▸ Exercise requirements: Take the entries below and print, exactly, the stretch from the line containing "Crying Drake Enamel" through the line containing "Photos : Destination", both included.
-- Dataset excerpts follows --
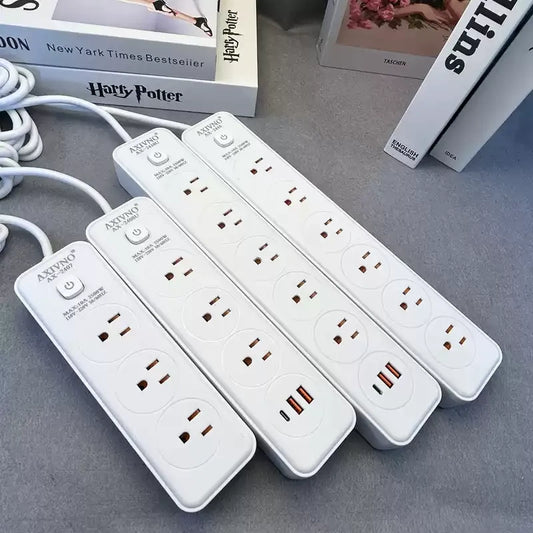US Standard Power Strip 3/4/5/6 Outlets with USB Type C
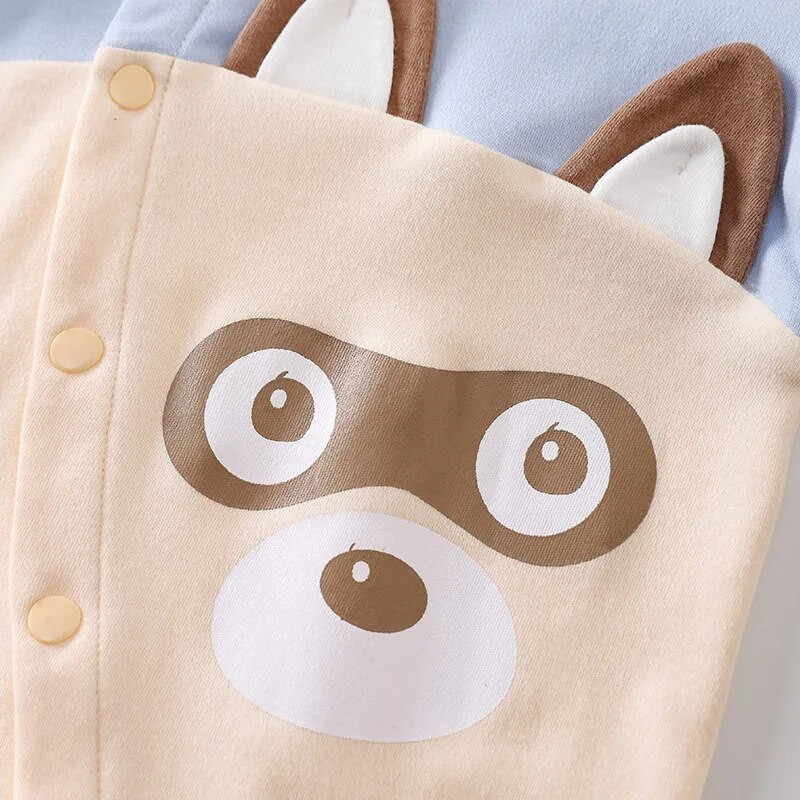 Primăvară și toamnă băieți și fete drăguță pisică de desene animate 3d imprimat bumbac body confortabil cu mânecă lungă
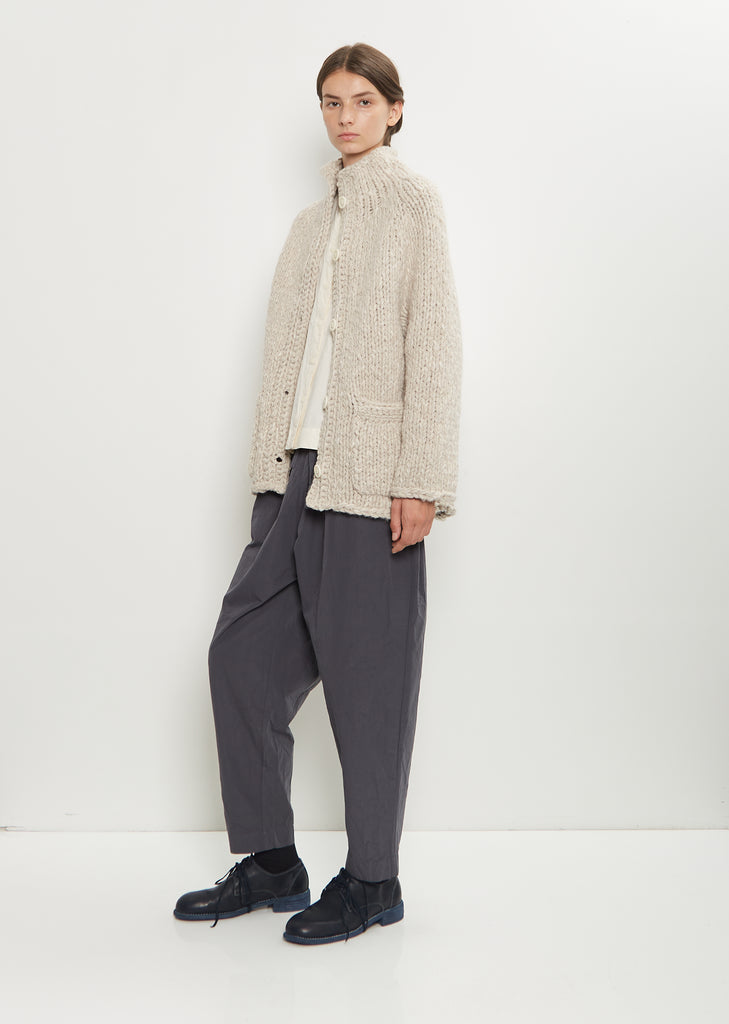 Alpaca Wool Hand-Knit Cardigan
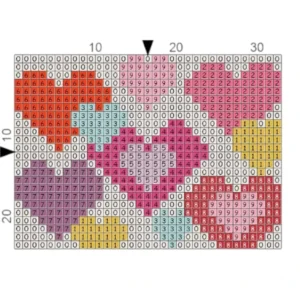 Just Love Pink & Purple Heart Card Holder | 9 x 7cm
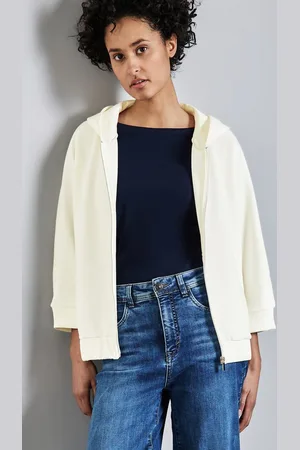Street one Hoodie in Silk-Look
-- Dataset excerpts concluded --
-- Dataset excerpts follows --
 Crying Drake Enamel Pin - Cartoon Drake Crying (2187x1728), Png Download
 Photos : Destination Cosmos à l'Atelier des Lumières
-- Dataset excerpts concluded --
-- Dataset excerpts follows --
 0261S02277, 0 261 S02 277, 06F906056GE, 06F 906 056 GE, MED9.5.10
-- Dataset excerpts concluded --
▸ Problem solution:
 Crying Drake Enamel Pin - Cartoon Drake Crying (2187x1728), Png Download
 Photos : Destination Cosmos à l'Atelier des Lumières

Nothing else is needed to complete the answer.